This map covers the area from the mouth of Cheseapeake Bay to northern Florida. The coat of arms at the top right is again that of King James I. The presence of the other smaller coat of arms, that of the French Bourbon dynasty, is surprising (… or at least not). It is justified on the basis of the short-lived French presence in an attempt to build a colony there. In 1562 Jean Ribault founded Charlesfort on Parris Island (not shown). In 1565 the Spanish took over the settlement and built Santa Elena next to it. Both sites merged into Porto Royal. The original foundation date 1562 is mentioned on the map next to the branch. Along the coast, in the north, Chesapeack bay, Newport nesa (Newport News, founded by the Irishman Daniel Gookin in 1621), the current Outer Banks with tiny Roanonck, C. de Ste Roman (present-day Cape Fear) and Sandhoeck inside. (the sandbanks north of Charleston). Inland there are several references to the Appalachians: Apalatcy montes in quibus aes aurum et argentum invenitur: Indians are said to be looking for gold and silver here.

In 1606 Jodocus Hondius had already published a map of more or less the same area.

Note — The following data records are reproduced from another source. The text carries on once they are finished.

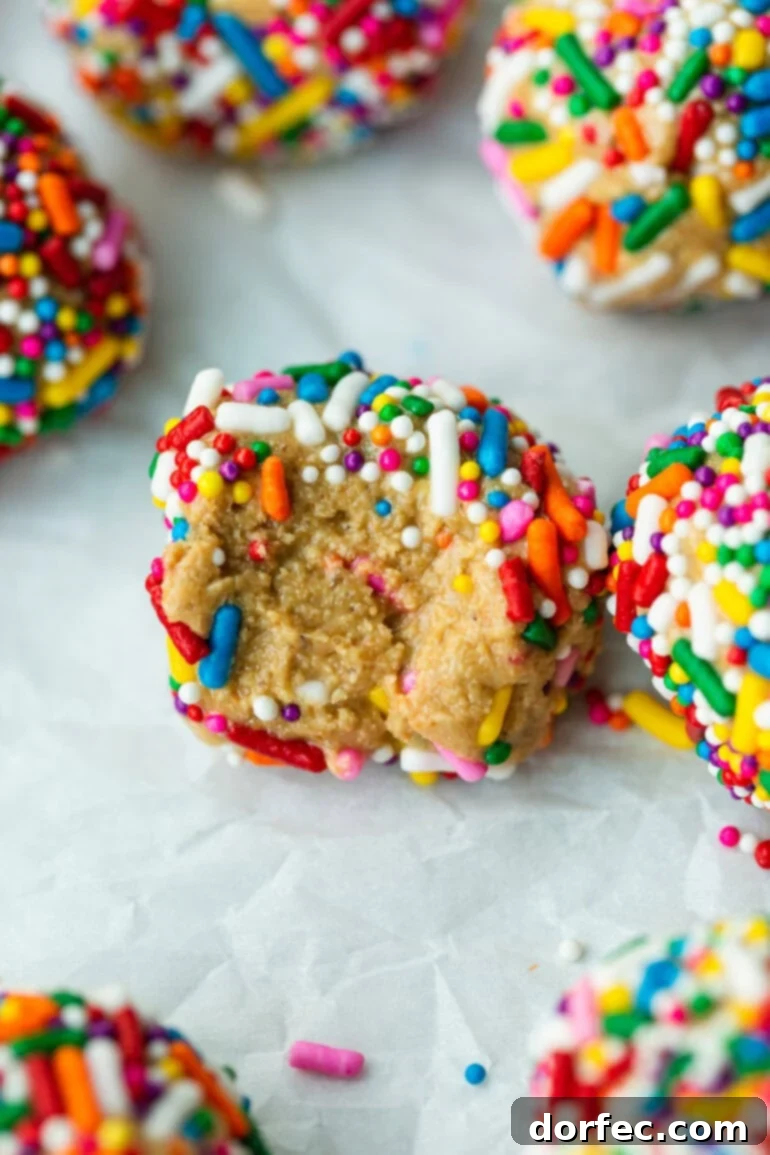 A close-up photo of several delicious no-bake birthday cake protein balls, adorned with colorful rainbow sprinkles, with one ball having a bite taken out of it to show its soft interior.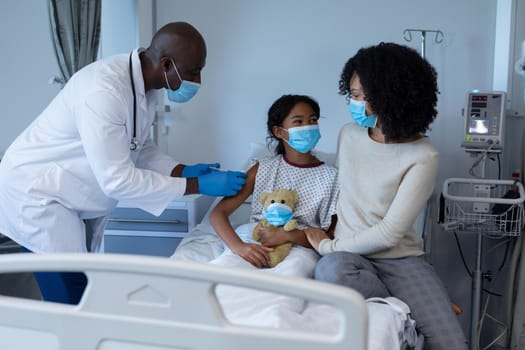 Male doctor giving covid vaccination to sick girl in hospital bed with mother, all in face masks. medicine, health and healthcare services during coronavirus covid 19 pandemic.
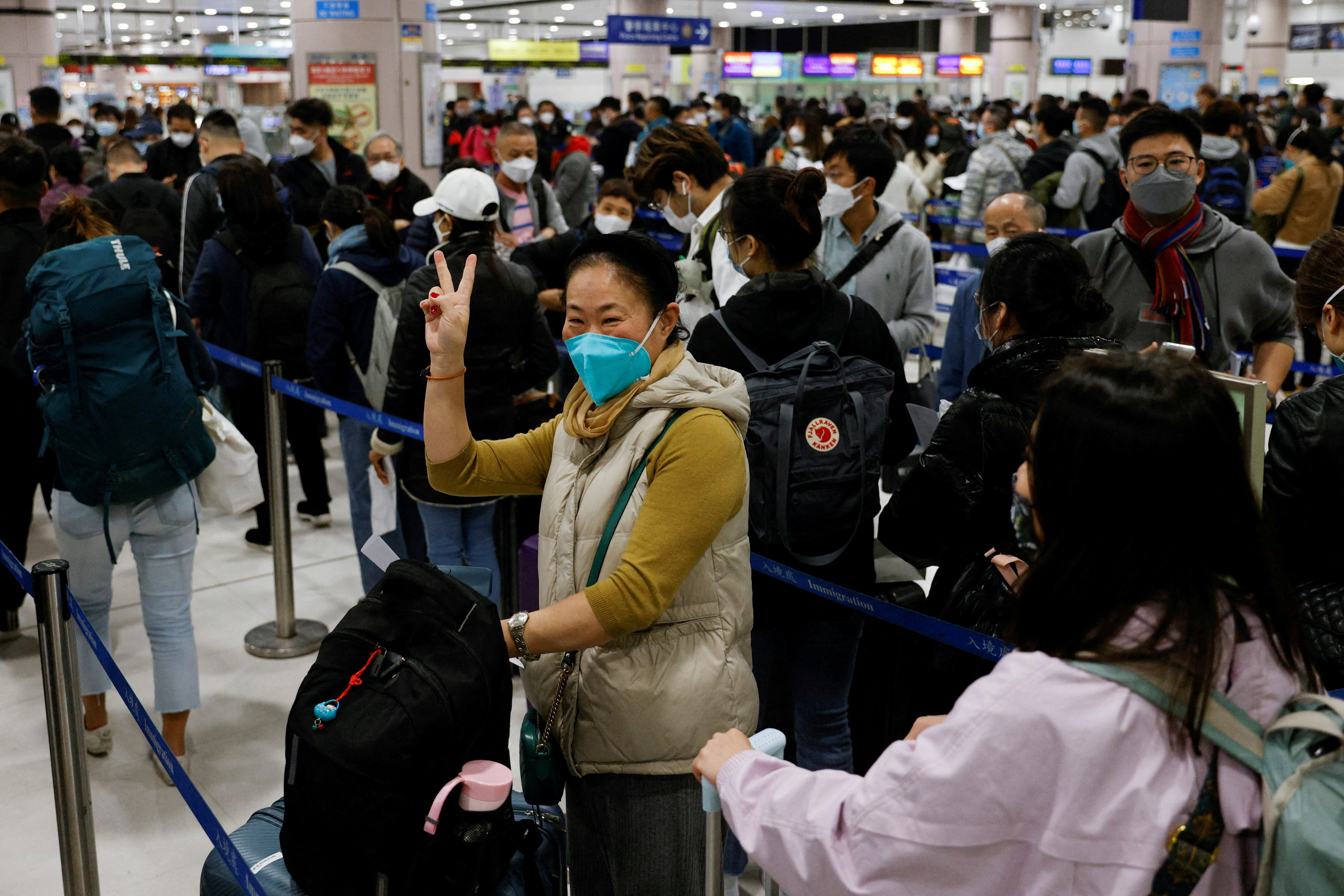 Una mujer celebra en el puesto de control fronterizo Lok Ma Chau de Hong Kong en el primer día en que China reabre la frontera en medio de la pandemia de la enfermedad por coronavirus (COVID-19) en Hong Kong, China, 8 de enero de 2023. REUTERS/Tyrone Siu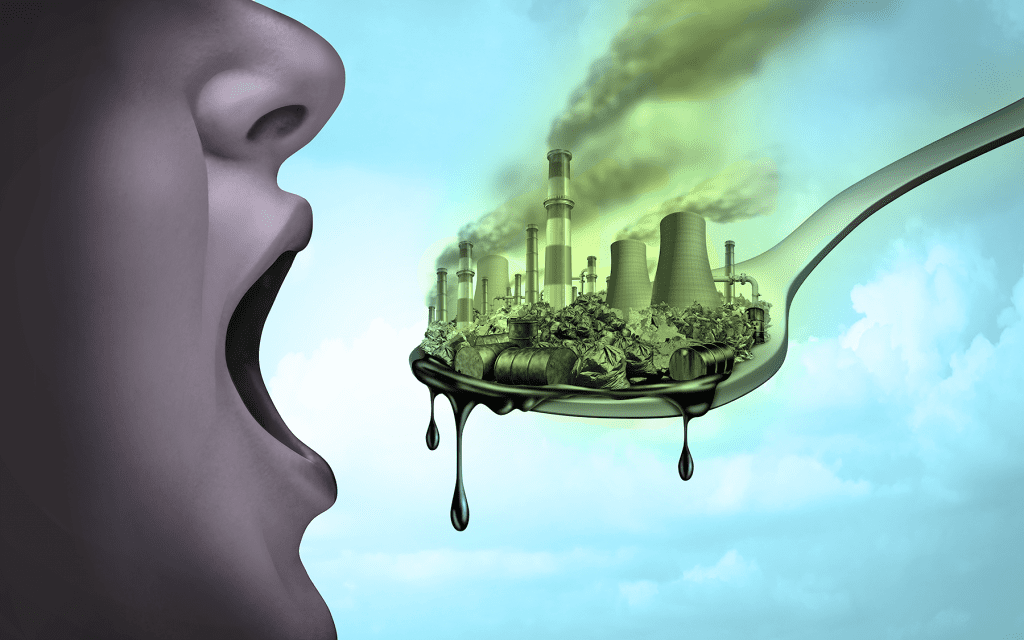 image of someone eating a city of toxins and pollution 
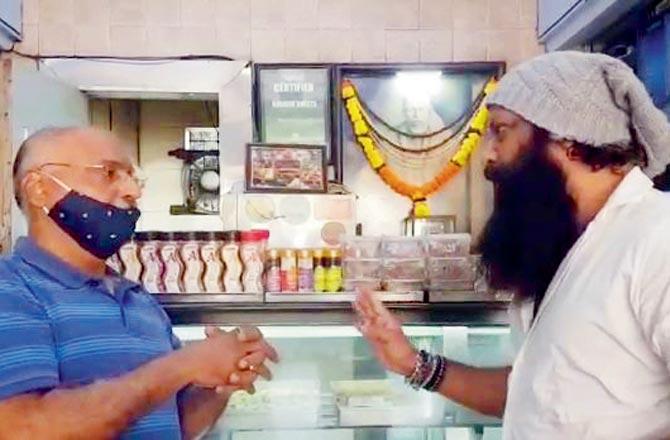 A screenshot of the viral video shows Nitin Nandgaonkar speaking with the owner of Karachi Sweets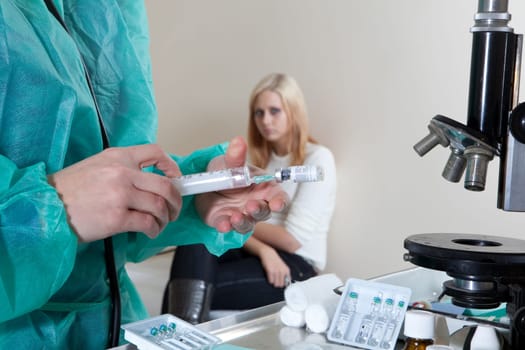 doctor listening to patients heartbeat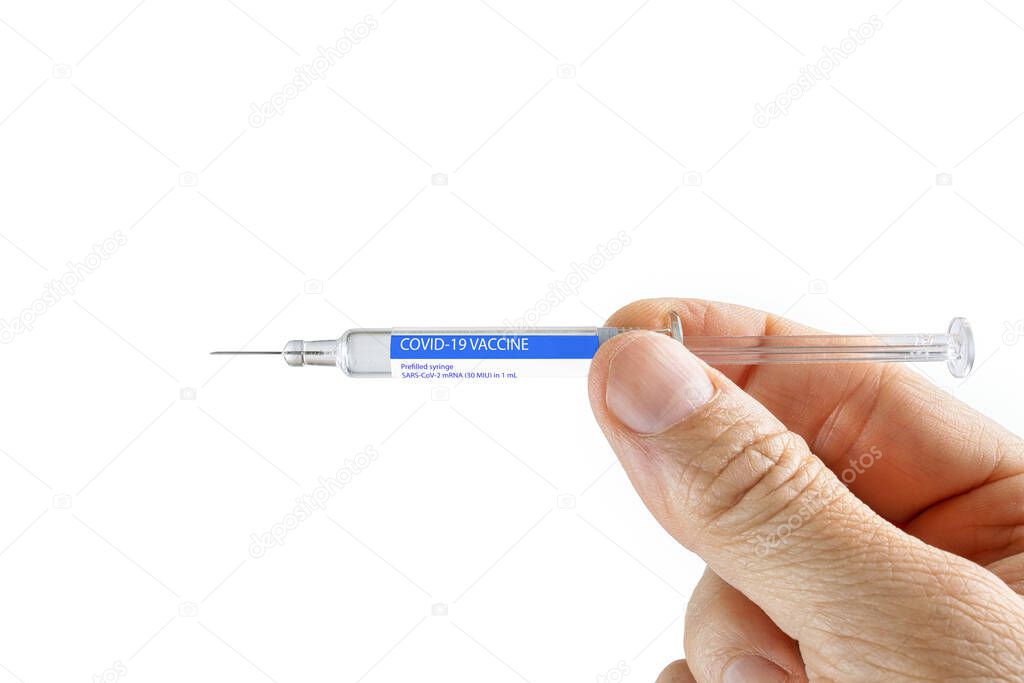 Doctor holding a prefilled COVID-19 vaccine syringe. Mock up covid virus vaccine, medicine, pharmaceutical research and health care concept.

It was then a composite derived from a White map of Virginia and a Le Moyne map of Florida. Blaeu and Janssonius published an almost identical map of the same area in 1638 (or is it 1640?) And 1639 respectively. A subtle detail reveals a small difference: in the top right corner of Blaeu’s map, there is a point behind the words Powhatan and SECOTAN, while this is missing on Janssonius’s map. The issue dates of these maps, both after the first settlement in Nieuw Amsterdam in 1624, ensure that some toponyms in Dutch can be found here and there.

Original title: Virginiae Partis Australis, Et Floridae Partis Orientalis …, 1649-55.